News & Analyses

EUR/JPY extends losses to near 164.50 amid Japan’s intervention fear

  • EUR/JPY continues to lose ground amid potential market intervention by Japanese authorities.
  • BoJ data showed that Japanese authorities possibly expended approximately ¥6.0 and ¥3.66 trillion on Monday and Wednesday, respectively, to bolster the JPY.
  • ECB Chief Economist Philip Lane underlined the central bank’s commitment to maintaining a data-dependent approach.

EUR/JPY extends its losses for the third consecutive session, trading around 164.60 during the European session on Friday. The Japanese Yen (JPY) strengthened on Friday following a rally on Thursday attributed to potential Japanese government intervention, marking the second such incident this week, according to a Reuters report. It is worth noting that Japanese banks will be closed due to Greenery Day on Friday.

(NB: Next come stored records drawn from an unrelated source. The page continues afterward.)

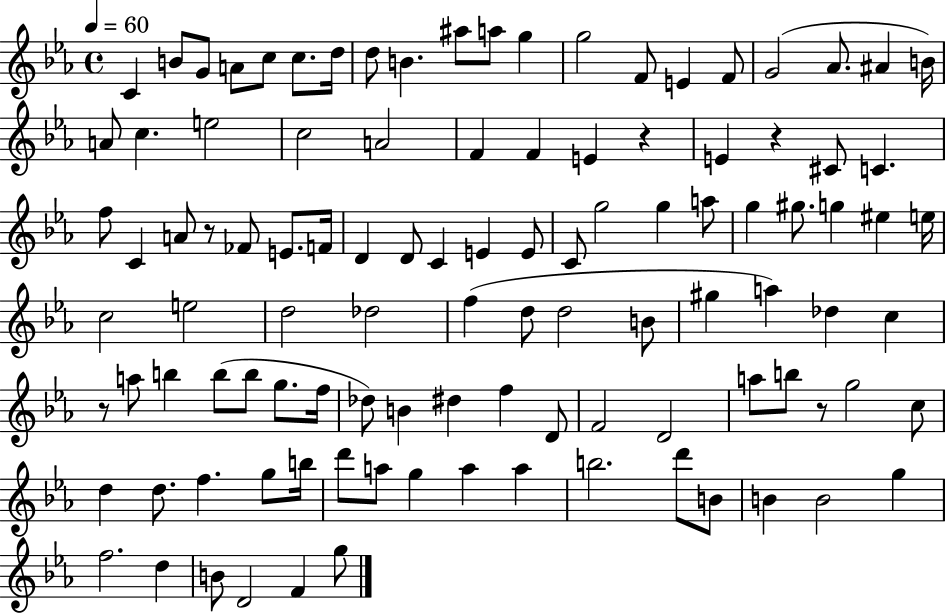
X:1
T:Untitled
M:4/4
L:1/4
K:Eb
C B/2 G/2 A/2 c/2 c/2 d/4 d/2 B ^a/2 a/2 g g2 F/2 E F/2 G2 _A/2 ^A B/4 A/2 c e2 c2 A2 F F E z E z ^C/2 C f/2 C A/2 z/2 _F/2 E/2 F/4 D D/2 C E E/2 C/2 g2 g a/2 g ^g/2 g ^e e/4 c2 e2 d2 _d2 f d/2 d2 B/2 ^g a _d c z/2 a/2 b b/2 b/2 g/2 f/4 _d/2 B ^d f D/2 F2 D2 a/2 b/2 z/2 g2 c/2 d d/2 f g/2 b/4 d'/2 a/2 g a a b2 d'/2 B/2 B B2 g f2 d B/2 D2 F g/2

Reuters reported that the Bank of Japan (BoJ) data showed on Thursday that Japanese authorities possibly expended approximately ¥3.66 trillion on Wednesday to bolster the JPY. Earlier in the week, on Monday, Japan’s Ministry of Finance intervened in the market, potentially investing around ¥6.0 trillion to support the Japanese Yen. Masato Kanda, Japan’s top currency diplomat, refrained from directly confirming the intervention but mentioned that the Ministry of Finance intends to disclose related data by the end of the month.

On Thursday, the Bank of Japan (BoJ) released Minutes from the March meeting with insights into the monetary policy outlook. One member noted that the economy’s reaction to a short-term rate increase to approximately 0.1% is expected to be minimal. Additionally, several members believed that market forces should primarily determine long-term rates.

In the European Union, the Unemployment Rate, as reported by Eurostat, remained unchanged at 6.5% in March, aligning with market forecasts and consistent with the preceding three months. The figure reflects a decline of 94,000 unemployed individuals compared to the previous month, bringing the total to 11.08 million.

During a virtual guest lecture at Stanford University on Thursday, European Central Bank (ECB) Chief Economist Philip Lane noted that although inflation has declined more rapidly than initially projected by the ECB, the transmission of policy effects is lagging. Lane emphasized that the ECB is not bound to a specific rate trajectory and will maintain a data-dependent approach moving forward, as per Bloomberg’s report.